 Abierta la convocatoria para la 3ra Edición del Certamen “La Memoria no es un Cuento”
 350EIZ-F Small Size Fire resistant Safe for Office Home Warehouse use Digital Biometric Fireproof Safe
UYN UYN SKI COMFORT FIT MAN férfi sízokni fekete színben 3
...
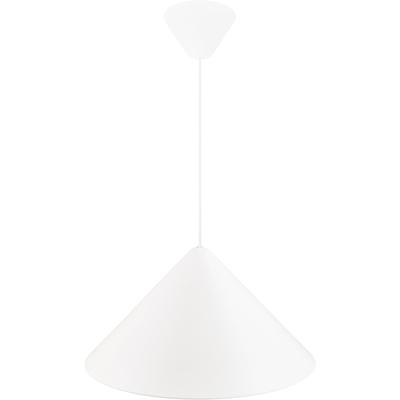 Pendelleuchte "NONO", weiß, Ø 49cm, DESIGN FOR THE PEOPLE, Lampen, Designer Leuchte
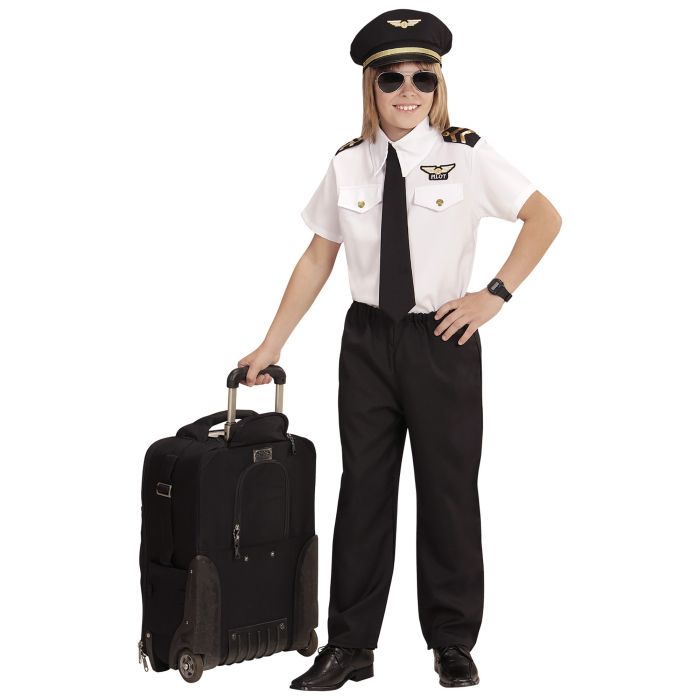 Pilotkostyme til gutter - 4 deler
---
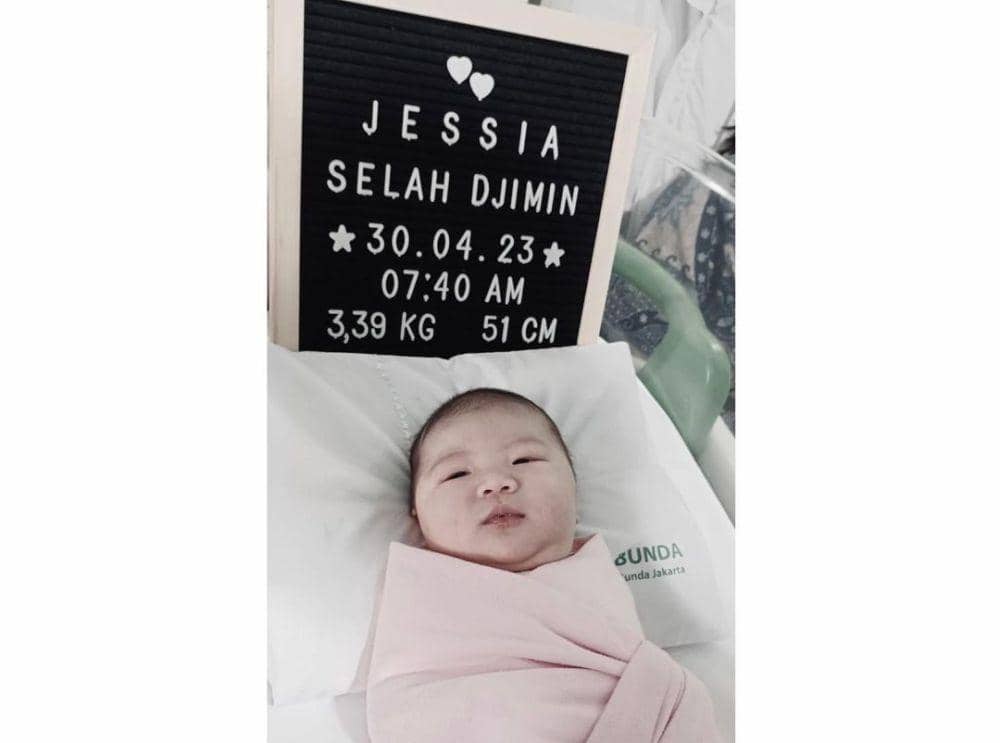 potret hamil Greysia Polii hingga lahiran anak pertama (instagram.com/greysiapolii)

_WHAT YOU SHOULD DO_
Would you copy, unchanged, the stretch of the records above that begins at the line containing "Abierta la convocatoria" and ends at the line containing "UYN UYN SKI", and only that?

_ANSWER TO THE PROBLEM_
 Abierta la convocatoria para la 3ra Edición del Certamen “La Memoria no es un Cuento”
 350EIZ-F Small Size Fire resistant Safe for Office Home Warehouse use Digital Biometric Fireproof Safe
UYN UYN SKI COMFORT FIT MAN férfi sízokni fekete színben 3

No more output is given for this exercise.